Case Study: Product Management for voting issue resolution

When: Winter/Spring 2023

Problem space:

The Lawyers Committee for Civil Rights runs the US’s largest Election Protection program to monitor and address ballot-based voting interference. Between a cadre of poll-watchers, a hotline, and behind-the scenes partners on deck to correct issues, they keep track of thousands of incidents each year.

In 2020, their digital intake systems had been upgraded but still were swamped – I joined a team maintaining this project in 2022 to do a needs assessment, revise limited UIs, and revamp the tech training service. We got through without major issued but agreed: the system in place, a hodgepodge of older open source softwares and API scripts, not all of which were maintained, had to be replaced.

In 2023 I lead a product discovery, spoke to several dozen stakeholders and key users, and put together a full PRD, alongside my technical partner, and vetted contractors, which lead to the organization deciding on a new path forward and kicking off Dec 2023, ahead of the 2024 election. 

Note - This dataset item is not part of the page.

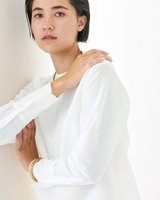 【ドゥクラッセ/DoCLASSE】のシアージャカード・プルオーバー 人気、トレンドファッション・服の通販 founy(ファニー) ファッション Fashion レディースファッション Fashion for Women トップス・カットソー Cut & Sew Tops シャツ・ブラウス・オフィスカジュアル Elegant Blouses & Button-Ups カジュアルプルオーバー・ニットトップス Pullovers & Knit Tops / Casual Pullovers |ID:prp329100004782799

Outcome: The program team will be able to 

  • Compress 3 softwares into 1, reducing API and technical maintenance, lessening the neds for as many contractors, as well as reducing overall complexity
  • Reduce time to correct errors from 2 minutes to under 30 seconds [edit instead of re-do]
  • Battling workflows will happen in parallel, instead of in a challenging “turf war”


  • User and stakeholder interviews to identify key journeys and points of friction
  • Jobs to be done-centered service mapping
  • Stakeholder prioritization workshops
  • Full Product Requirements document 
  • Communication, analysis of solution partners 

What came up & what I learned: :

The Election Protection program has multiple services, each of which has a different software system to address it – but until I took a system design approach, some of this nuance was missing

Most software systems were designed intelligently at their inception: but technical debt, organizational knowledge loss, software that is not maintained, systems that are pasted together with complex [yet, genius!] APIs, and a pastiche of contractors added complexity.